ASSIGNMENT: Starting at the line that contains "Circuit Etonnante Géorgie", return each line exactly as written until the listing below ends, and return no other line.

SUPPLIED MATERIAL:
____________________
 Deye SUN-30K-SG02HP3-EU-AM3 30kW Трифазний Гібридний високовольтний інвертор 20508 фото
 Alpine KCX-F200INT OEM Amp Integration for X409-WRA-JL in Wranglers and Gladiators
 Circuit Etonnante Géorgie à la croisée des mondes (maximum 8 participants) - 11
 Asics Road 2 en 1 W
____________________
REPLY:
 Circuit Etonnante Géorgie à la croisée des mondes (maximum 8 participants) - 11
 Asics Road 2 en 1 W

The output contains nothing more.